FIG. 3 is an exemplary schematic illustration of a neural network, in accordance with an embodiment of the present disclosure;

FIG. 4 is an exemplary schematic illustration of a process for defining confidence interval for a target time period, in accordance with an embodiment of the present disclosure; and

FIGs. 5A and 5B are exemplary graphical illustrations of a target sensor time series data mapped to confidence interval for two different process cycles, for detecting anomaly in the target sensor time series data, in accordance with various embodiments of the present disclosure.

In the accompanying drawings, an underlined number is employed to represent an item over which the underlined number is positioned or an item to which the underlined number is adjacent. A non-underlined number relates to an item identified by a line linking the non-underlined number to the item.
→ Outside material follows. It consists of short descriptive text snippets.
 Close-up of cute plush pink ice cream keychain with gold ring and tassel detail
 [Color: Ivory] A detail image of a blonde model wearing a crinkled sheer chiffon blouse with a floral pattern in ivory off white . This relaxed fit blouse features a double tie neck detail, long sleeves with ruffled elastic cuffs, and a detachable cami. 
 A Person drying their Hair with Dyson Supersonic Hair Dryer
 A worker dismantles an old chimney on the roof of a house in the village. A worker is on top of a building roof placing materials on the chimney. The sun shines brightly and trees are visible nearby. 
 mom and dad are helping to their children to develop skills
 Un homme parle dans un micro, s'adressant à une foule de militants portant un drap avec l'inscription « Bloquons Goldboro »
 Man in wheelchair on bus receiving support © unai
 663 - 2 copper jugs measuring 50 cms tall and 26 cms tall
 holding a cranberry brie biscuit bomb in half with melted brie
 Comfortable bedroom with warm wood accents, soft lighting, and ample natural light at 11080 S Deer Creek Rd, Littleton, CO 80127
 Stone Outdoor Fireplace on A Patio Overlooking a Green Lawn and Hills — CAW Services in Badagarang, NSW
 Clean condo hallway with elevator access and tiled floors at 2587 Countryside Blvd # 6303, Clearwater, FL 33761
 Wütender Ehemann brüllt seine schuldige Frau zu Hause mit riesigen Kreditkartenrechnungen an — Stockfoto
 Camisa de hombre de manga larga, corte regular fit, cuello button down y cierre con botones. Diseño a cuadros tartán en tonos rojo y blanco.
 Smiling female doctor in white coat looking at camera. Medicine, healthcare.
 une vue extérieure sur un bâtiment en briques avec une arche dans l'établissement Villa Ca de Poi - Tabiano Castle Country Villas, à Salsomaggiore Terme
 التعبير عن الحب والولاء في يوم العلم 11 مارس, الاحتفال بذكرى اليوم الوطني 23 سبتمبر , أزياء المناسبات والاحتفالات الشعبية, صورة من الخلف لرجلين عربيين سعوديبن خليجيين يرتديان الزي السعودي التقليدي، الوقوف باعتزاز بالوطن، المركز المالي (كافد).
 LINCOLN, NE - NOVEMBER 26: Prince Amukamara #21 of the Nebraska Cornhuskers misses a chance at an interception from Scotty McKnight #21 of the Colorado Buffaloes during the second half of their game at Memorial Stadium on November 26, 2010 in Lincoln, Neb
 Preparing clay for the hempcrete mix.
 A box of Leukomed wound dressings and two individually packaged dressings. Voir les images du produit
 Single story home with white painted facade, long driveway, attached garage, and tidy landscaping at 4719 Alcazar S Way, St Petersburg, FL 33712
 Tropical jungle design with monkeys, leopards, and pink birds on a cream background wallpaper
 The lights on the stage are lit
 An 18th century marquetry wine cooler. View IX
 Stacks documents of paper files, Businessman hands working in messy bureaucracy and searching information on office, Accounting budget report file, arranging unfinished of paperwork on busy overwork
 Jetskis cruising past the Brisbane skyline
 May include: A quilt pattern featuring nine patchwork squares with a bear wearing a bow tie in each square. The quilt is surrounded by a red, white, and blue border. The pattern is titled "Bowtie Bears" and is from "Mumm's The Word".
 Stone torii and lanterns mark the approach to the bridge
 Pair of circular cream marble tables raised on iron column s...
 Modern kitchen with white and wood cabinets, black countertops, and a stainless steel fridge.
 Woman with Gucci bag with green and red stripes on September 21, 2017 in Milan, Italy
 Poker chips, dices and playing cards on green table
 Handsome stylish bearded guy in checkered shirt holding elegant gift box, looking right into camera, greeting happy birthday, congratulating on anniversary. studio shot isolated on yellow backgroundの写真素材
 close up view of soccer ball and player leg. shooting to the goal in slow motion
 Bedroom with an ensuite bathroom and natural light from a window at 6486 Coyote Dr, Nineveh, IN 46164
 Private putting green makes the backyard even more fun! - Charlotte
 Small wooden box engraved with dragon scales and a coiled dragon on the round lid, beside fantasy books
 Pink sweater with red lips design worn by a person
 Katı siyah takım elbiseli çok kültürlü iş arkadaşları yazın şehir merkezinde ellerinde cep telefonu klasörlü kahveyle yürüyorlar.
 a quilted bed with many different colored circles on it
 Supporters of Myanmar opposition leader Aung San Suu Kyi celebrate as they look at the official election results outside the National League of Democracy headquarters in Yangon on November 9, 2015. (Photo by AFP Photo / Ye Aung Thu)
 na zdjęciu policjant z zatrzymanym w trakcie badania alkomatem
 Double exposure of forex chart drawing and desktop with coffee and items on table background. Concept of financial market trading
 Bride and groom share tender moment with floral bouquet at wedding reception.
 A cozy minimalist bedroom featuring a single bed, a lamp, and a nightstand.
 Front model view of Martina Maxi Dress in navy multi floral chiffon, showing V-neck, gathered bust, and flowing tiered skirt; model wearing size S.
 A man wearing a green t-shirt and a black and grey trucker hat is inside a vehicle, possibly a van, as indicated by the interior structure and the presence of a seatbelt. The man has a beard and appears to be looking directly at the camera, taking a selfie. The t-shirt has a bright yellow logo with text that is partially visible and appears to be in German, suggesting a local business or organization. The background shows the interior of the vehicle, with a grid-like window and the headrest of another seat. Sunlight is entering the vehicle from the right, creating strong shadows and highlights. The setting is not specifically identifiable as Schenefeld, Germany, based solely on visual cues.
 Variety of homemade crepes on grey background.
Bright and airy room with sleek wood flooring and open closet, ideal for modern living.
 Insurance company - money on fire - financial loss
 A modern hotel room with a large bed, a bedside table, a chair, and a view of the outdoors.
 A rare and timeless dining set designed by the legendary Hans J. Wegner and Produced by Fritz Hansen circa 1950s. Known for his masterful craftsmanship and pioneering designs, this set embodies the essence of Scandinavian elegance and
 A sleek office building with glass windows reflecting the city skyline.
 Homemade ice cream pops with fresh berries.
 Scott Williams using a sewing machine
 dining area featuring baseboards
When a number is non-underlined and accompanied by an associated arrow, the non-underlined number is used to identify a general item at which the arrow is pointing.

DETAILED DESCRIPTION OF EMBODIMENTS

The following detailed description illustrates embodiments of the present disclosure and ways in which they can be implemented. Although some modes of carrying out the present disclosure have been disclosed, those skilled in the art would recognize that other embodiments for carrying out or practising the present disclosure are also possible. In one aspect, an embodiment of the present disclosure provides a method for detecting an anomaly in sensor time series data of a sensing arrangement, the method comprising:

- implementing a neural network trained on training data comprising prior sensor time series data;

- re-constructing a sample sensor time series data for a target time period using the trained neural network;

- determining an anomaly score variable based on a re-construction error in the re-constructed sample sensor time series data, corresponding to each of a plurality of time instants in the target time period;

- determining a confidence interval for the target time period based on a distribution of the determined anomaly score variable;

- mapping a target sensor time series data, generated by the sensing arrangement corresponding to the target time period, to the determined confidence interval; and

- indicating an anomaly in the target sensor time series data if the target sensor time series data is not substantially within the determined confidence interval.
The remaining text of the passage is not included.